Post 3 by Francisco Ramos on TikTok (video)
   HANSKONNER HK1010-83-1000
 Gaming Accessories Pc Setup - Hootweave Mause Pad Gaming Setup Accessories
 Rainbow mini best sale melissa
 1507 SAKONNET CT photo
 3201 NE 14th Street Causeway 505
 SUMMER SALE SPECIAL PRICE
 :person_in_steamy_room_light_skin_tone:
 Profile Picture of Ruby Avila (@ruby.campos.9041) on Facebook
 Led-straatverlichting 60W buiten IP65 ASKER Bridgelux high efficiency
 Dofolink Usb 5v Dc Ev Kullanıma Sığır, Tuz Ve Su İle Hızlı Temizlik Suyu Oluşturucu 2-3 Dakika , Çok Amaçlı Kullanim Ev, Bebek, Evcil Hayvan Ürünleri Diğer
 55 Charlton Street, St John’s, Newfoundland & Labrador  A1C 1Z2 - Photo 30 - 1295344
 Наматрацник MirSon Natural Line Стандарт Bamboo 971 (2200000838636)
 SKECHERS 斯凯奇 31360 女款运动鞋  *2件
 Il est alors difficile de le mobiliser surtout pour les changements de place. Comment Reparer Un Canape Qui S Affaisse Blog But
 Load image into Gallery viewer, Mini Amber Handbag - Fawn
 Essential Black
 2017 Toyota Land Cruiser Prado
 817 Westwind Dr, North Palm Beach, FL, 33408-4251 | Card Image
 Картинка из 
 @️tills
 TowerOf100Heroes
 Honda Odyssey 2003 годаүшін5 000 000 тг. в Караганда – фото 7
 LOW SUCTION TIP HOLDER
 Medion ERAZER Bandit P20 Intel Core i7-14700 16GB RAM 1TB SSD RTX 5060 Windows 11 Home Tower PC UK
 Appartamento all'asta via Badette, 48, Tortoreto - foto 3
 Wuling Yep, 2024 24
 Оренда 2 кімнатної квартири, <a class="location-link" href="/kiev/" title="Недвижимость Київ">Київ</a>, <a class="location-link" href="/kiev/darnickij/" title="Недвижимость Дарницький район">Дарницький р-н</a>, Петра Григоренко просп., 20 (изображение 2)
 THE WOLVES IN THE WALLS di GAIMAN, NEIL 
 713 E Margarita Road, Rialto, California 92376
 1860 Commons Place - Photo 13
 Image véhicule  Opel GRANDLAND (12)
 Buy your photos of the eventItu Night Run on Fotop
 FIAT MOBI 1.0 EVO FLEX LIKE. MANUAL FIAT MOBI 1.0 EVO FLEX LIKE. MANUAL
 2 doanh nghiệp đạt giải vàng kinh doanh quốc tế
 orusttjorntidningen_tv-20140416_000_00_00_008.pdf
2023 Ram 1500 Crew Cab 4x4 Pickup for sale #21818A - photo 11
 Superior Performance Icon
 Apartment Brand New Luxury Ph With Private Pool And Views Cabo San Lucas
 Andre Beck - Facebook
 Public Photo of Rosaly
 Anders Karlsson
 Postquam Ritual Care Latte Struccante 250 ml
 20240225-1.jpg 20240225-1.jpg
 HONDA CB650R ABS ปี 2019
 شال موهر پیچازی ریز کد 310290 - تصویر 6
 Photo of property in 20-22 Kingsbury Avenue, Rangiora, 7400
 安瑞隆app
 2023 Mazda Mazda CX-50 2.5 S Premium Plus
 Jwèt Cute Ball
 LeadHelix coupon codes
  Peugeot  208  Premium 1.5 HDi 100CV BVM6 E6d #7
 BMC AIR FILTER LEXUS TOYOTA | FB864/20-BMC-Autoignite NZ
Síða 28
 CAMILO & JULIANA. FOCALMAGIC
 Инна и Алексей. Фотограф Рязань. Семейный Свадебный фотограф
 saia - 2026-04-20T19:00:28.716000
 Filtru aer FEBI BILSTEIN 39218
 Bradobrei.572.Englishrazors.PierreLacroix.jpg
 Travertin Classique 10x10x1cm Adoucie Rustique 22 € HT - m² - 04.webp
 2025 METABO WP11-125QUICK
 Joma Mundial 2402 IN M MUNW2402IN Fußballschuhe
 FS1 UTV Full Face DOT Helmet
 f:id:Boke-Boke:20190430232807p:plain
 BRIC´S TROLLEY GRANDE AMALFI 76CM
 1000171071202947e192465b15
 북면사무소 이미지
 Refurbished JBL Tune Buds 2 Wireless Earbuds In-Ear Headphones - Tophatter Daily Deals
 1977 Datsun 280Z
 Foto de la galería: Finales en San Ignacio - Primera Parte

======

Begin with the line that contains "2023 Ram 1500". Repeat it and every line after it through the end of the listing, exactly, and print nothing more.

** ANSWER AREA **
2023 Ram 1500 Crew Cab 4x4 Pickup for sale #21818A - photo 11
 Superior Performance Icon
 Apartment Brand New Luxury Ph With Private Pool And Views Cabo San Lucas
 Andre Beck - Facebook
 Public Photo of Rosaly
 Anders Karlsson
 Postquam Ritual Care Latte Struccante 250 ml
 20240225-1.jpg 20240225-1.jpg
 HONDA CB650R ABS ปี 2019
 شال موهر پیچازی ریز کد 310290 - تصویر 6
 Photo of property in 20-22 Kingsbury Avenue, Rangiora, 7400
 安瑞隆app
 2023 Mazda Mazda CX-50 2.5 S Premium Plus
 Jwèt Cute Ball
 LeadHelix coupon codes
  Peugeot  208  Premium 1.5 HDi 100CV BVM6 E6d #7
 BMC AIR FILTER LEXUS TOYOTA | FB864/20-BMC-Autoignite NZ
Síða 28
 CAMILO & JULIANA. FOCALMAGIC
 Инна и Алексей. Фотограф Рязань. Семейный Свадебный фотограф
 saia - 2026-04-20T19:00:28.716000
 Filtru aer FEBI BILSTEIN 39218
 Bradobrei.572.Englishrazors.PierreLacroix.jpg
 Travertin Classique 10x10x1cm Adoucie Rustique 22 € HT - m² - 04.webp
 2025 METABO WP11-125QUICK
 Joma Mundial 2402 IN M MUNW2402IN Fußballschuhe
 FS1 UTV Full Face DOT Helmet
 f:id:Boke-Boke:20190430232807p:plain
 BRIC´S TROLLEY GRANDE AMALFI 76CM
 1000171071202947e192465b15
 북면사무소 이미지
 Refurbished JBL Tune Buds 2 Wireless Earbuds In-Ear Headphones - Tophatter Daily Deals
 1977 Datsun 280Z
 Foto de la galería: Finales en San Ignacio - Primera Parte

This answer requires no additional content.